Zu guter Letzt gab es am 14. Januar nochmal Silvester im Kalender der orthodoxen Christen. Tja, auf dem Balkan wird eben keine Feierei ausgelassen. Die Stadt Vranje hatte sich dafür ein Schmankerl ausgedacht. Sie wollte ein Kulturprogramm für alle bieten und das open-air und ohne Eintritt. Es soll doch keiner behaupten, dass es hier keine Kultur gäbe. Am frühen Abend gabs den üblichen Turbofolkschund mit halbnackten Frauen, die sich in einer Eiseskälte auf der Bühne räkelten. Nach Mitternacht dann harter Metal von den Local Heros „Mud Factory“. Die Leute haben getobt. Heißen Glühwein und Rakija for free gab es aber leider nur für das Turbofolkpublikum. Wir waren dann doch zu spät.
Nach dem vielen Feiern kam ich dann zum Nachdenken und Resümieren über meine letzten 5 Monate hier und ich musste feststellen, dass Freunde eben doch nicht einfach so an einem Abend gemacht sind. Vorher kommt erstmal viel Kaffee, den man regelmäßig im Kafić trinkt und dann irgendwann kann man vielleicht einen Schritt weitergehen. Für mich lohnt sich das allerdings nicht, weshalb ich meine Zeit auch lieber mit Krapa verbringe, mit dem ich innerhalb einer Woche schon mehr als eine Freundschaft pflegte. Der Name Krapa heißt so viel wie Höhlenmensch und leitet sich von Krapinac ab, ein Name, den einst sein Vater bekam. Ein bisschen was von Höhle hat jedenfalls auch Krapa.

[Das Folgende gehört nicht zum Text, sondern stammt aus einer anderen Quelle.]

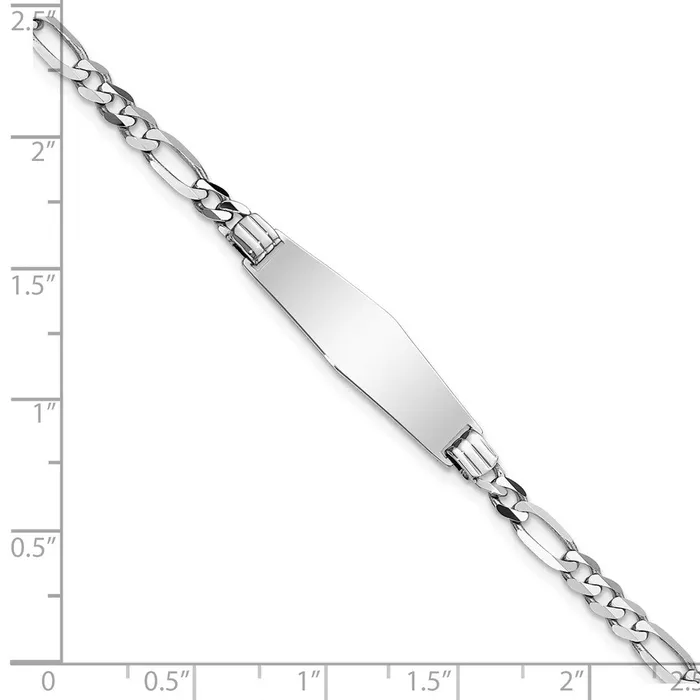 Bracelets MDS Solid 14K White Gold Soft Diamond Shape Figaro Link ID Bracelet Bracelets MDS Solid 14K White Gold Soft Diamond Shape Figaro Link ID Bracelet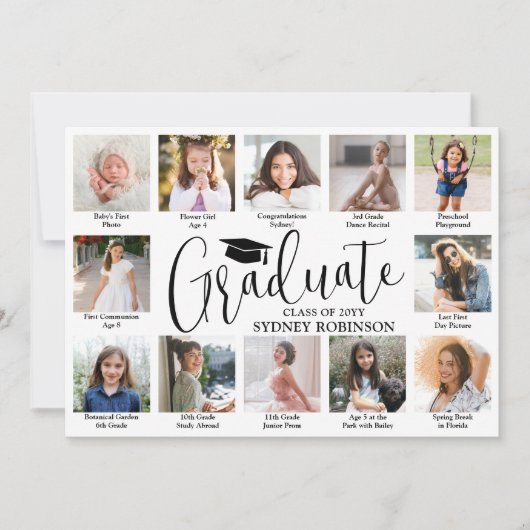 Photo Collage & Captions Trendy Script Graduation 案内状 (正面)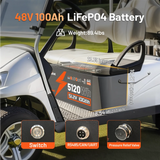 Humsienk 48V 100Ah LiFePO4 Rechargeable Bluetooth Battery With Cylindrical Structure Metal Case&200A BMS Max 5120Wh For Golf Car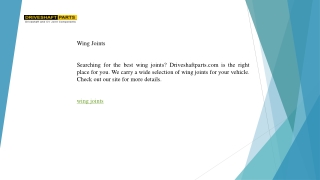 Wing Joints  Driveshaftparts.com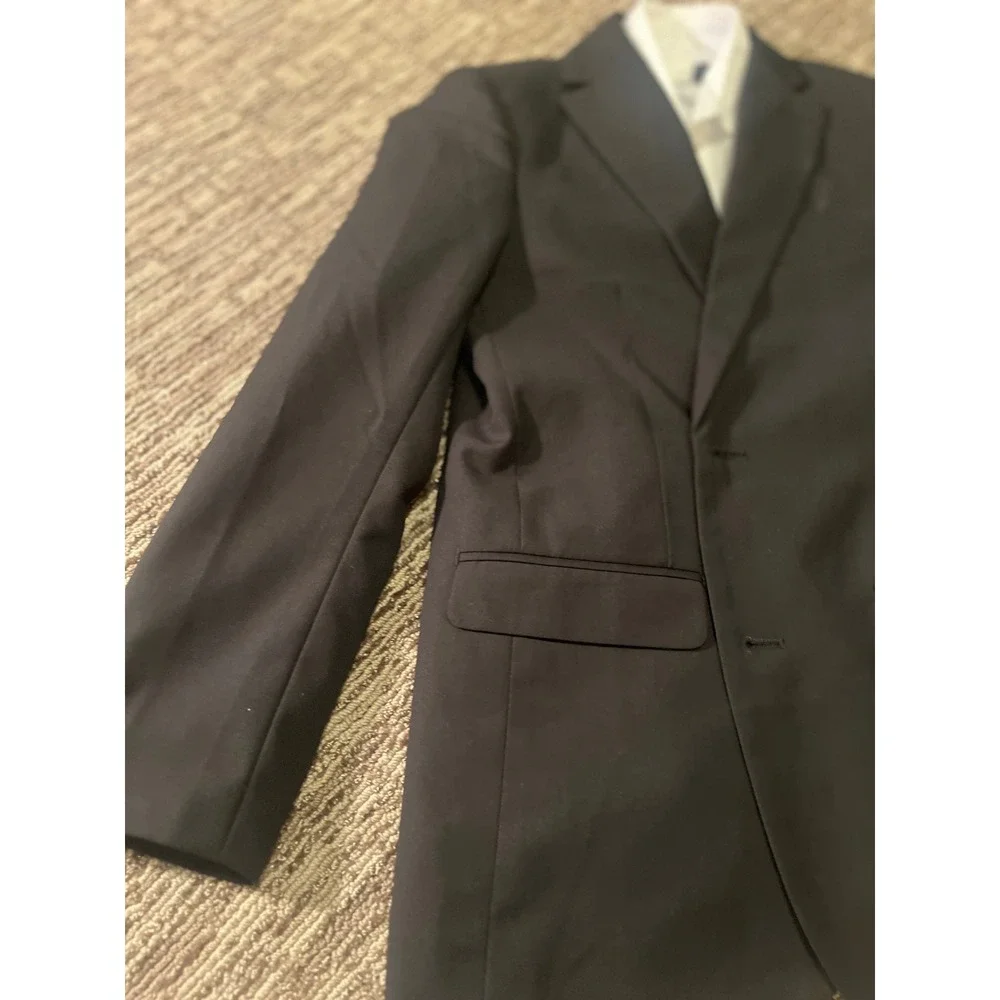 Boys Black Suit Jacket Blazer and White Dress Shirt Set Formal. Size 10
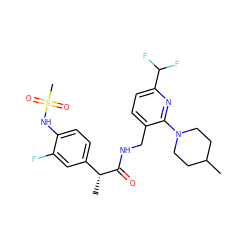 CC1CCN(c2nc(C(F)F)ccc2CNC(=O)[C@H](C)c2ccc(NS(C)(=O)=O)c(F)c2)CC1 ZINC000145929440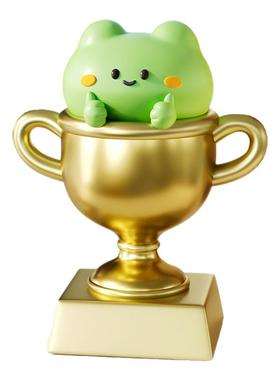 创意青蛙定制奖杯摆件颁奖纪念品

Ende Januar war vollgestopft mit Trainings und Treffen und so konnte ich auch endlich mal wieder Vranje verlassen, was auch sehr heilsam sein kann. Für 8 Tage bin ich nach Mazedonien gefahren, um mich dort über das Konzept und die Wichtigkeit des EVS auszutauschen. Es war ein „cultural clash“! Mit Leuten aus Bulgarien, Polen, Portugal, Mazedonien, den Niederlanden, Serbien und zu allem Überfluss noch Deutschland, in einem albanischen Hotel. Es war es kein einfaches Arbeiten. Aber umso mehr gab es die lauten Abende, an denen wir uns betranken, tanzten und alle Konflikte ausdiskutierten. Der Höhepunkt war ein Essen im typisch mazedonischen Restaurant mit einer Live-Band, die uns alle zum Tanzen brachte und das Gemeinschaftsgefühl ein klein wenig zu stärken vermochte.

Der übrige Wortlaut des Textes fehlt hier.